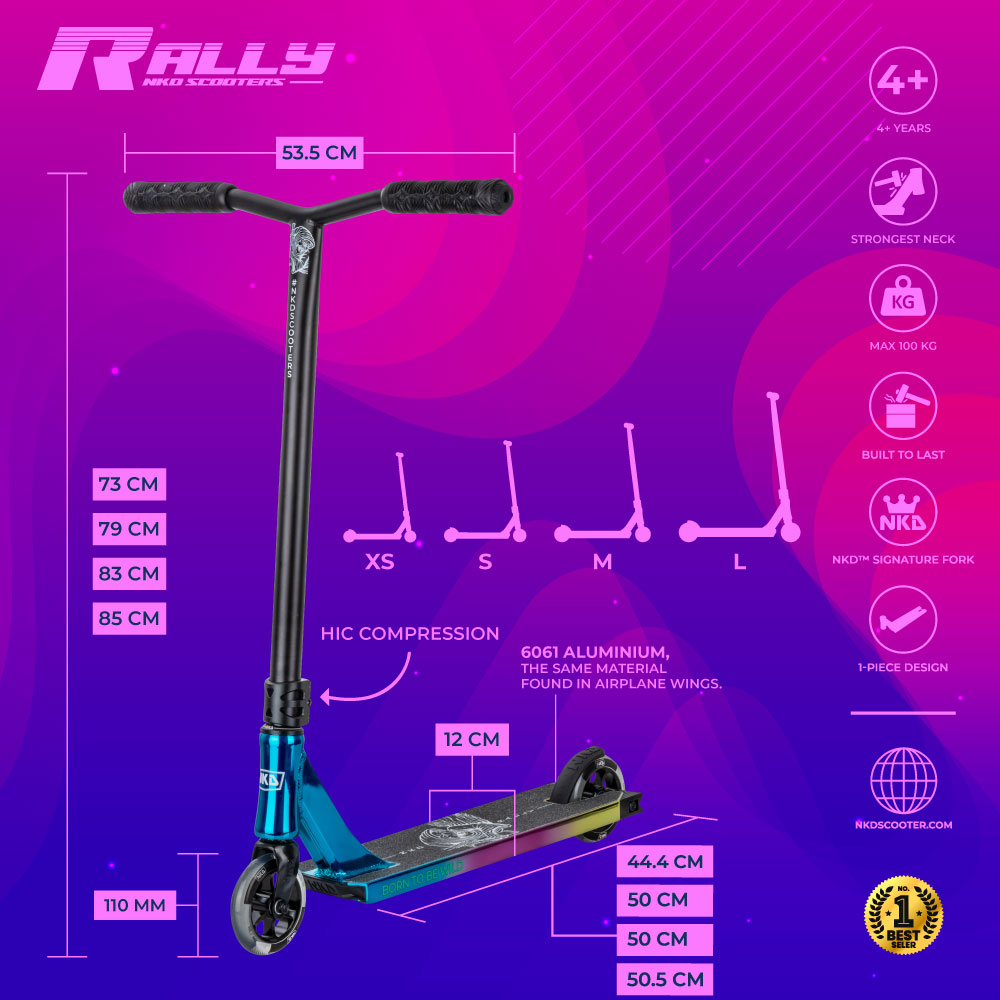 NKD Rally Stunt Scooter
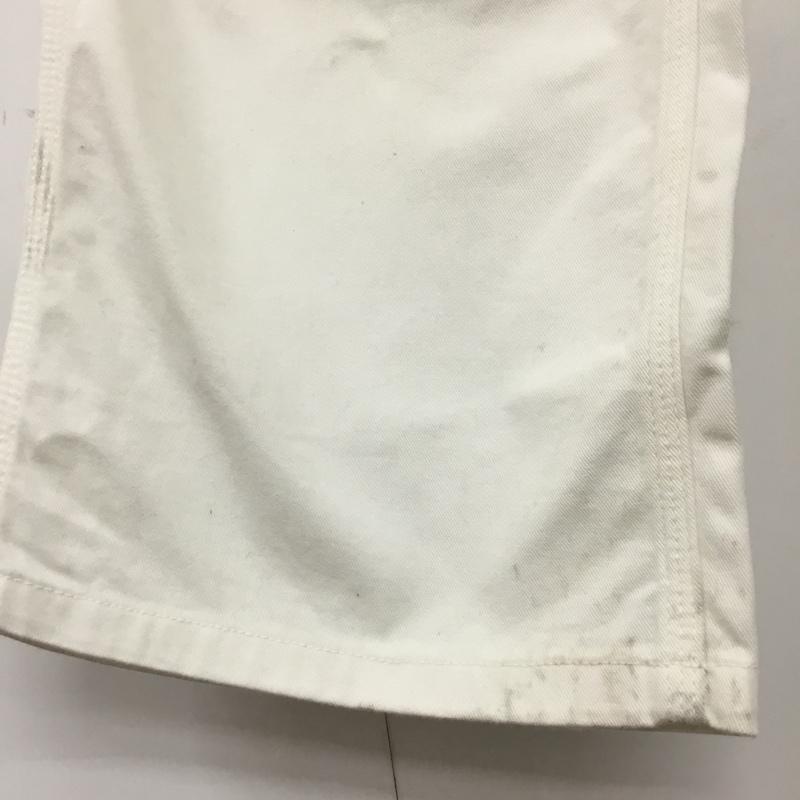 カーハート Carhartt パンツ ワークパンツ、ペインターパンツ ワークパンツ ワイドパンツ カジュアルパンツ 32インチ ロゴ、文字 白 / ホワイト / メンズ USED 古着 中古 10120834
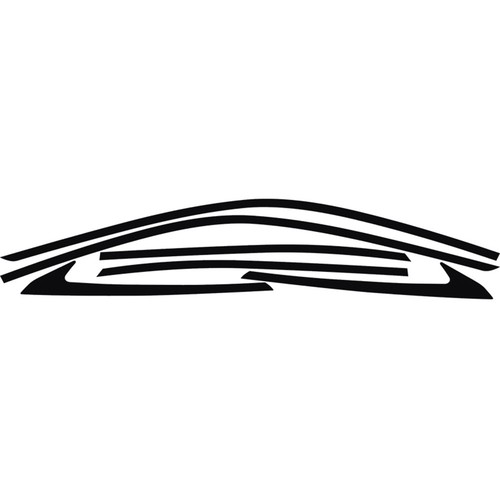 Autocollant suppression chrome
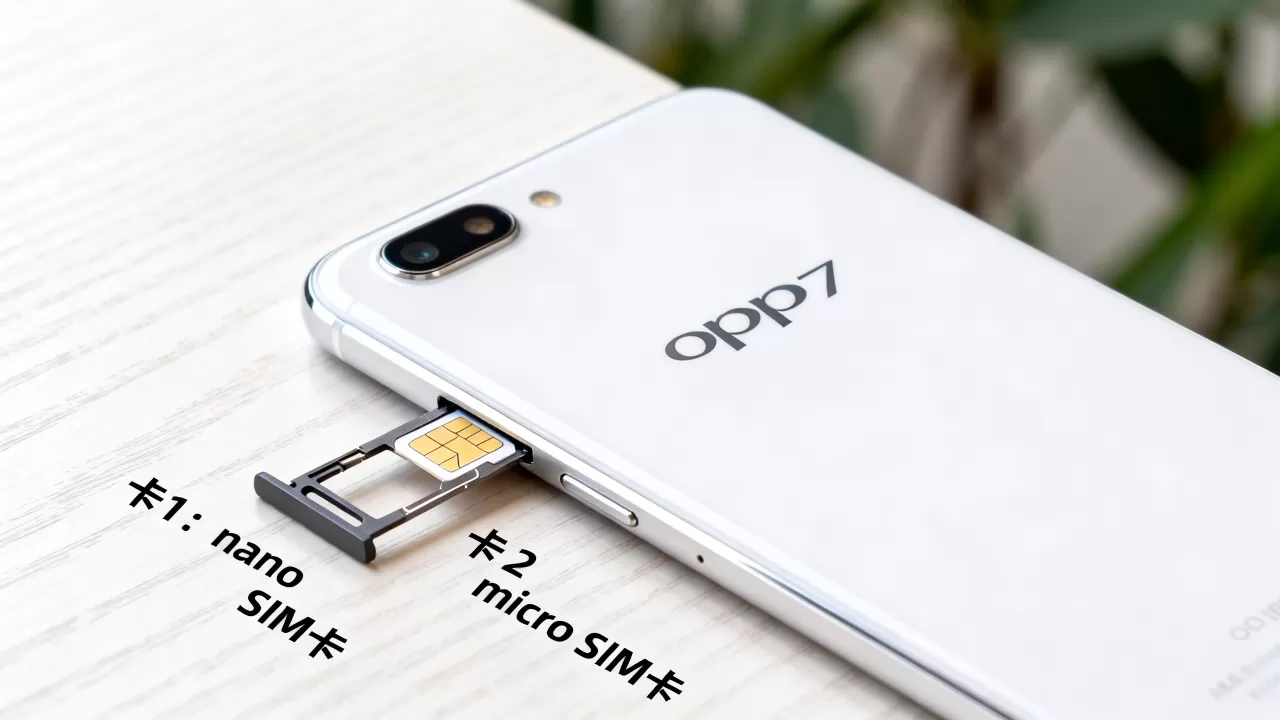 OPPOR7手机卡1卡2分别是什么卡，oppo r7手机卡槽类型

Activity — The whole listing is to be duplicated verbatim, apart from its images.

Solution below —
 NKD Rally Stunt Scooter
 カーハート Carhartt パンツ ワークパンツ、ペインターパンツ ワークパンツ ワイドパンツ カジュアルパンツ 32インチ ロゴ、文字 白 / ホワイト / メンズ USED 古着 中古 10120834
 Autocollant suppression chrome
 OPPOR7手机卡1卡2分别是什么卡，oppo r7手机卡槽类型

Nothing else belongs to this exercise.